U.S. Pat. No. 3,821,006 (Schwartz, June 28, 1974) discloses a patching composition consisting essentially of a reactive component of MgO with an acid phosphate salt and an inert aggregate component. The particle size of the inert aggregate component is related to the compressive strength of the cement formed at an early cure age.
The mixtures employed in the methods of the patents discussed above set, and develop usable strength much more rapidly than conventional materials. Nonetheless, each of these patents is limited (as discussed above) and therefore distinguishable from the mixtures and processes of the present invention in several ways.
U.S. Pat. No. 3,673,111 (Hovarth, June 27, 1972) discloses a process for manufacturing a solid phosphoric acid catalyst in which a siliceous adsorbent is admixed with a polyphosphoric acid. The mixture is heated at an elevated temperature and thereafter extruded. The extrudate is further treated by drying first in a steam atmosphere and then in a dry air atmosphere. This patent does not teach a process for producing solid P2 O5 containing material suitable for use in fast-setting cements but rather teaches a process for making a catalyst.
U.S. Pat. No. 3,475,188 (Woodhouse et al., Oct. 28, 1969) discloses a dry refractory composition consisting essentially of phosphates absorbed on diatomaceous earth up to 80% by weight being absorbed thereon, magnesium oxide and refractory aggregate. Compositions and processes in which well above 80% by weight of phosphates absorbed on diatomaceous earth are present would be advantageous.
A fast-setting cementitious composition in which the phosphorus pentoxide reactive component is a solid and further can be derived from industrial wastes and can be premixed and preblended with a solid component such as magnesium oxide would be advantageous in that an economic, solid blend could be easily packaged, inventoried, handled and transported to the intended application site, then combined at the site with a readily available aqueous component such as water to form a solid. For example, a solid P2 O5 containing material could be premixed with a solid component, e.g. magnesium oxide, and optionally a solid aggregate to form a one component cement mixture, instead of the current two component P2 O5 containing solution and MgO containing solid that are separately packaged. It would be even more advantageous to utilize a solid waste that heretofore has created significant disposal problems.
It is an object of the present invention to provide a process for producing solid phosphorus pentoxide containing materials suitable for use in fast-setting cements.
Other objects and advantages of the present invention are shown through the specification.
In accordance with the present invention, a process has now been discovered for producing solid phosphorus pentoxide containing material suitable for use in fast-setting cements. This process comprises mixing a porous material with a liquid, phosphorus pentoxide containing material then heating the mixture until a dry solid is produced.
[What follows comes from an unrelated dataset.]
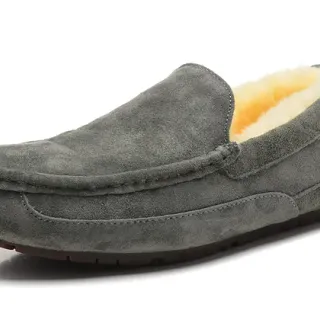 UGG Tasman 灰色麂皮羊毛衬里乐福鞋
The solid phosphorus pentoxide containing material thus formed can then be dry blended with a solid component comprising a magnesium containing compound. This solid component must be capable of being dry blended with the solid phosphorus pentoxide containing material without reacting therewith in the dry state and must further be capable of reacting with the phosphorus pentoxide containing material in the presence of an aqueous component to form a monolithic solid. The dry blend can further be comprised of an aggregate.
The present invention comprises a process for producing solid phosphorus pentoxide containing materials suitable for use in fast-setting cements. This process comprises mixing a porous material with a liquid, phosphorus pentoxide containing material then heating the mixture until a dry solid is produced.
The liquid, phosphorus pentoxide containing material can be any material containing free or available P2 O5 such as green acid. This material can be selected from various industrial and agricultural chemicals and wastes. Some examples of suitable P2 O5 containing materials include aluminum phosphate solution; ammonium phosphate solution; calcium phosphate solution; bright dip phosphoric acid from metal polishing processes; phosphoric acid; waste phosphoric acid from agricultural chemical processes; steel phosphatizing sludge acid resulting from the pickling of steel to inhibit corrosion; arsenic sulfide sludge acid resulting from the treatment of P2 O5 waste streams with H2 S to remove arsenic; and any combination of the above liquids.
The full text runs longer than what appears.